鞆の浦ひとり旅:後編

今回の独り言も、引き続き生まれ故郷のともの浦を巡るひとり旅。
前編の最後に末吉のおみくじをツモって、ちょっと意気消沈した私。少し疲れてきたし、そろそろ帰ろうかなあと沼名前神社を後にします。

ちなみにこの神社には鳥衾とりぶすま型鳥居と呼ばれる珍しい鳥居があり、広島県指定重要文化財だそうです。

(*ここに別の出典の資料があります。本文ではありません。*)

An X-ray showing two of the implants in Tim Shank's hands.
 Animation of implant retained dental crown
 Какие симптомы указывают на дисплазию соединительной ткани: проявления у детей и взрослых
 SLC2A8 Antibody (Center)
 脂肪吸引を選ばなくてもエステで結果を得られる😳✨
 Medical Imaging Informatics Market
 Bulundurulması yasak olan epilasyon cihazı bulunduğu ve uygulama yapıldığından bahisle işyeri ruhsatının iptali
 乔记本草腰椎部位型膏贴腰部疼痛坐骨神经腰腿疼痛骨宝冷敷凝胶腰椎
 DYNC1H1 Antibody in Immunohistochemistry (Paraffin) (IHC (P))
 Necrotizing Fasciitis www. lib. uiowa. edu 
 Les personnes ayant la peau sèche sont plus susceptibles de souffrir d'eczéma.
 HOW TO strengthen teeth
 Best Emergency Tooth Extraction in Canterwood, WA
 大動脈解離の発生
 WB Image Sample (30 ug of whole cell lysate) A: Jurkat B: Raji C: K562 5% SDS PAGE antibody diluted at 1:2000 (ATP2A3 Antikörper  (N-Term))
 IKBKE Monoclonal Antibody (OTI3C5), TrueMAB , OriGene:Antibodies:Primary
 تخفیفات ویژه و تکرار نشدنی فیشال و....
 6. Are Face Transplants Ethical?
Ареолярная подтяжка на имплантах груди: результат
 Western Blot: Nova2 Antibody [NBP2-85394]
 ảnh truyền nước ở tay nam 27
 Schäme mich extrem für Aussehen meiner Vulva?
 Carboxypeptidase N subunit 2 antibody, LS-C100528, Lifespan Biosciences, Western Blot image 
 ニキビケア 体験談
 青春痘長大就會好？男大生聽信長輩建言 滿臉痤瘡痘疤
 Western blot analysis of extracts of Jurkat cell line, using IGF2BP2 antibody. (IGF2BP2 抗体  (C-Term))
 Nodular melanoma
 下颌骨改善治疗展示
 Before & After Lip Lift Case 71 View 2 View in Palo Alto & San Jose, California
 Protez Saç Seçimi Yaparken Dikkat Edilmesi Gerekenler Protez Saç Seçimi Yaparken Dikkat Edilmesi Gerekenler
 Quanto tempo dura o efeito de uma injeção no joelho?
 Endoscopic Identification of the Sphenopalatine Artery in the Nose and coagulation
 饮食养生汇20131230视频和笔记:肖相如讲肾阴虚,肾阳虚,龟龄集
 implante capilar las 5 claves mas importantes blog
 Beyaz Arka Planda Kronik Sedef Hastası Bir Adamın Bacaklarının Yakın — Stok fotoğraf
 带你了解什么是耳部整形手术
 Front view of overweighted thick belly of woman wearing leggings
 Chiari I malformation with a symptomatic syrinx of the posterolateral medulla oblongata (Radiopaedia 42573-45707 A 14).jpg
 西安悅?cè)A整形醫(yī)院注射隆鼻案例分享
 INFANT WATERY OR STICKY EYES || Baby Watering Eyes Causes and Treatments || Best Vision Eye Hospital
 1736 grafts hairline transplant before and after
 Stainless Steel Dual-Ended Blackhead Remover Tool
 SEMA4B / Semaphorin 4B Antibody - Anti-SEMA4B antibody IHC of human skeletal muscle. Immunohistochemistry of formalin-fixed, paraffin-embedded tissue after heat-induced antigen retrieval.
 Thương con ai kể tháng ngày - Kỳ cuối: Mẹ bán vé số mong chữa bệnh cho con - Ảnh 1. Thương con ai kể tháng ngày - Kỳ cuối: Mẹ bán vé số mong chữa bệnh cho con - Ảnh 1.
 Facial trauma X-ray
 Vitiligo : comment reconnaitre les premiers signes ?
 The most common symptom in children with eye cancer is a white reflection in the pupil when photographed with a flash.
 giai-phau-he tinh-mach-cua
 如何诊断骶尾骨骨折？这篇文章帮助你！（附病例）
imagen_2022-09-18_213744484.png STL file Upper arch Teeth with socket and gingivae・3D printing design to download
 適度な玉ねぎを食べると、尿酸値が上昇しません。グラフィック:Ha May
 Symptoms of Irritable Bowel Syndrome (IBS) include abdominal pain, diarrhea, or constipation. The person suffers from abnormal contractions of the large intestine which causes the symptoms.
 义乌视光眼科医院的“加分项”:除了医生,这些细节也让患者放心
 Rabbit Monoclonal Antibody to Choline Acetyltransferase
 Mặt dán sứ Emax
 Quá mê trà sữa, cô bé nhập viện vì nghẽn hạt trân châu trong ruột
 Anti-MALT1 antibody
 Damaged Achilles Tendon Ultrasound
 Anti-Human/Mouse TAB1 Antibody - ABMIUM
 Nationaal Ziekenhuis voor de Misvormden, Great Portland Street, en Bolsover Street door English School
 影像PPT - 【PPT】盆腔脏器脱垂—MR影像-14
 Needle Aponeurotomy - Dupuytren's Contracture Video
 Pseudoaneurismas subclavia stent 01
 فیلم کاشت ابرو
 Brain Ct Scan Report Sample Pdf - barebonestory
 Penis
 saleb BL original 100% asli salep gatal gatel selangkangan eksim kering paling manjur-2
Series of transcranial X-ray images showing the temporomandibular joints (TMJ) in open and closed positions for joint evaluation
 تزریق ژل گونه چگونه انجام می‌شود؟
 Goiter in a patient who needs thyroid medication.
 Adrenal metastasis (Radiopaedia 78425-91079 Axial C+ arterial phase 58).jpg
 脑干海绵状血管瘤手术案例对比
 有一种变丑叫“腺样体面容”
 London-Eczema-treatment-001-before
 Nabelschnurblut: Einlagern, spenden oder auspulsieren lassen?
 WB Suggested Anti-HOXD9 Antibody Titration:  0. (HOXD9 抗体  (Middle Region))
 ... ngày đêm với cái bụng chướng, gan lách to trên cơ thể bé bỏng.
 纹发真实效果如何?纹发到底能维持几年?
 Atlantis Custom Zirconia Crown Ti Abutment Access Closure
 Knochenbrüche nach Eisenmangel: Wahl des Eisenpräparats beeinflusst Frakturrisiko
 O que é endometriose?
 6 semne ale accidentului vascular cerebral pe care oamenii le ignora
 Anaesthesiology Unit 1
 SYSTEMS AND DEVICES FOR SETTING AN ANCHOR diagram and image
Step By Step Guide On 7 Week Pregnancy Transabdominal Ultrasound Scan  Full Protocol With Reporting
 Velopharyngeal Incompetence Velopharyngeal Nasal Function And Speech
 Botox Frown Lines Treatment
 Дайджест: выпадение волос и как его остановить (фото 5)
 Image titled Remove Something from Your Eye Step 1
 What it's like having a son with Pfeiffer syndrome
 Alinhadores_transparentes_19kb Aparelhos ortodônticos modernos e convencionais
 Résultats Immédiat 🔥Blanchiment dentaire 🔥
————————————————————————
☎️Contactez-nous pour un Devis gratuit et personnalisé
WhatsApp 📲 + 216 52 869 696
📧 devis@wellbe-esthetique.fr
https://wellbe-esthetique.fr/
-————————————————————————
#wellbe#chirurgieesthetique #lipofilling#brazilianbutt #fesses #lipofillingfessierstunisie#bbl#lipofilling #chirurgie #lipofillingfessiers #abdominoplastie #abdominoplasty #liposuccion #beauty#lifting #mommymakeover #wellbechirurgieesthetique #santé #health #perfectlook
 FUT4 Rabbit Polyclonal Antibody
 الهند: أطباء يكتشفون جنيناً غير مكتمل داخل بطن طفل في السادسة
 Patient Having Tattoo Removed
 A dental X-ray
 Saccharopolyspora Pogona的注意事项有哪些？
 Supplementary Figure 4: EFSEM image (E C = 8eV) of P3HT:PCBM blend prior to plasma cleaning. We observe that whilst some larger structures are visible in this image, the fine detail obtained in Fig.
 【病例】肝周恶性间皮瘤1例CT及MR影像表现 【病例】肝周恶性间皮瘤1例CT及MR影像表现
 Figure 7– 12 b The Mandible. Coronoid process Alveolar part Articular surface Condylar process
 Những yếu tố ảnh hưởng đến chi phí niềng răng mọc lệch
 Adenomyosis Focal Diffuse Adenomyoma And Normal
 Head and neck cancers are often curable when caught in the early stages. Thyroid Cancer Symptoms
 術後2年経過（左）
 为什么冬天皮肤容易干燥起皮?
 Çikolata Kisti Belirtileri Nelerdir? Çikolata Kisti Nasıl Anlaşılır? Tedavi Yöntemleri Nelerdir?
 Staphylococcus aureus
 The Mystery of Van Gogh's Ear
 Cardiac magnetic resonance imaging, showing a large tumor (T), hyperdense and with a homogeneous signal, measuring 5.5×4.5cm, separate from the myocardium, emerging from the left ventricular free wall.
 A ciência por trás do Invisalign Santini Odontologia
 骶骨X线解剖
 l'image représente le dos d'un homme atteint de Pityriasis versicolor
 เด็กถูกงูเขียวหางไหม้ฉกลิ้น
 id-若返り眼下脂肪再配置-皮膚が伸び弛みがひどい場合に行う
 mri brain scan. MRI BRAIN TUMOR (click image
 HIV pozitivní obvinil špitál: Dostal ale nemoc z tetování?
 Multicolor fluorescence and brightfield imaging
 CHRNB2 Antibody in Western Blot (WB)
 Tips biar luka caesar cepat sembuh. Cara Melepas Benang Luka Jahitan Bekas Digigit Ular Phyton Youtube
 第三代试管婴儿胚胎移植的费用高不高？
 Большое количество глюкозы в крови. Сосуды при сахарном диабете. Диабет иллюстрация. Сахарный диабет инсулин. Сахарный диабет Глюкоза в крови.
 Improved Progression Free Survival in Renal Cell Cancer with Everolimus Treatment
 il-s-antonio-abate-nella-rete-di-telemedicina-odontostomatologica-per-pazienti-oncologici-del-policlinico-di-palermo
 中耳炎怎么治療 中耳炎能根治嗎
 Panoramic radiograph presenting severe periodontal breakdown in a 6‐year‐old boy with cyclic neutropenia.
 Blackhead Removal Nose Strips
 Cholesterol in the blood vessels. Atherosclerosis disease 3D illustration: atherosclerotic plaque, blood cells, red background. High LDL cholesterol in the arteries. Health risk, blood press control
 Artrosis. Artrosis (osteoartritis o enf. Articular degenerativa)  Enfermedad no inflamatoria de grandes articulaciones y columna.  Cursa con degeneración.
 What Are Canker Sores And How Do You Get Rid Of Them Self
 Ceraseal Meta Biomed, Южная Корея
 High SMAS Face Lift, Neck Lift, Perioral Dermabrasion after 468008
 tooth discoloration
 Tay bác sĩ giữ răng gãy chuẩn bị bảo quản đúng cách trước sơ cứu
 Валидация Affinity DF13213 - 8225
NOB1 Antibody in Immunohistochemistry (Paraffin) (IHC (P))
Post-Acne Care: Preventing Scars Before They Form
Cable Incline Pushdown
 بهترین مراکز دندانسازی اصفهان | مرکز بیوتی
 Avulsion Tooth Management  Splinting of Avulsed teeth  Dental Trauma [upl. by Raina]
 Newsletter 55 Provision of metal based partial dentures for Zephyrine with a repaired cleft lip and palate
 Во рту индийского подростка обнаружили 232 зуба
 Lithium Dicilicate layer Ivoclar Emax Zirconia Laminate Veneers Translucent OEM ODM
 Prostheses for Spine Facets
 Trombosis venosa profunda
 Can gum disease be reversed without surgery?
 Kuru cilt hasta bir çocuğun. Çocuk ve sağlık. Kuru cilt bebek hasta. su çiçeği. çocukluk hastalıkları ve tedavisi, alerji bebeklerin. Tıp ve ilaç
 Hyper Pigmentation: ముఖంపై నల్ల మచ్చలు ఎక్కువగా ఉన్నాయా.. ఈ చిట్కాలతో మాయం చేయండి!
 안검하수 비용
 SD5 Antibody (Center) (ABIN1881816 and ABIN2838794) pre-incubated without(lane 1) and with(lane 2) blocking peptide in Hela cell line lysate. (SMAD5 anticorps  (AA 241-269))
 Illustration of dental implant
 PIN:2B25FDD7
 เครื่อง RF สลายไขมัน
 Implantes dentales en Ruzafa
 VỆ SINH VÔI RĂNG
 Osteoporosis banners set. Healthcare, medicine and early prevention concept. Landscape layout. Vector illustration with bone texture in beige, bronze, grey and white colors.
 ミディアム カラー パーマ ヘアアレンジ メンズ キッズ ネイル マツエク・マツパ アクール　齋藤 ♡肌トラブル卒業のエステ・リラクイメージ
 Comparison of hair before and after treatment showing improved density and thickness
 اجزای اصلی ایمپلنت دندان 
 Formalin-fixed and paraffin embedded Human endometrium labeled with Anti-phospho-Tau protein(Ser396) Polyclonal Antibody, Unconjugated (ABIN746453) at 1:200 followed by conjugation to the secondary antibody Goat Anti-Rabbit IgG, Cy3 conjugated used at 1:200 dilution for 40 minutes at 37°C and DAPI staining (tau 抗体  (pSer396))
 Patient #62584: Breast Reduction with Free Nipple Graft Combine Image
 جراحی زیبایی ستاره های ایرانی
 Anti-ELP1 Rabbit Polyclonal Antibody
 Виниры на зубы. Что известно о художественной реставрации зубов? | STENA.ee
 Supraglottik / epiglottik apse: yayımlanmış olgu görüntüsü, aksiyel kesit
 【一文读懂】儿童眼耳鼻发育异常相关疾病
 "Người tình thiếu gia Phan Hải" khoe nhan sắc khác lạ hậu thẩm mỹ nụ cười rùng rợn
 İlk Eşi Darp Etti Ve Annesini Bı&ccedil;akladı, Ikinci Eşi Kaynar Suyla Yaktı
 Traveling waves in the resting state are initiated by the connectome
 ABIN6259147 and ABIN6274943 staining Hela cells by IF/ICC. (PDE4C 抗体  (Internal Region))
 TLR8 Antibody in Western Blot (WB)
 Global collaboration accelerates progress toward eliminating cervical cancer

そしてこの鳥居の近くにあるのが、森下仁丹の創業者である森下博氏の銅像。子供の頃、銅像の柵から落ちないで誰が一番早く一周できるかという遊び(?)に夢中になっていたことを思い出します。一体何が楽しかったのやら。そして約40年の時が過ぎ、柵の上でバランス取っていた少年はすっかり中年になり、そして所属する新生児グループが森下仁丹から研究費を獲得することになるのです。本当に人生はどこで何が繋がっているのか分からない。そんな感慨に耽りながら、神社を後にして港に向かいます。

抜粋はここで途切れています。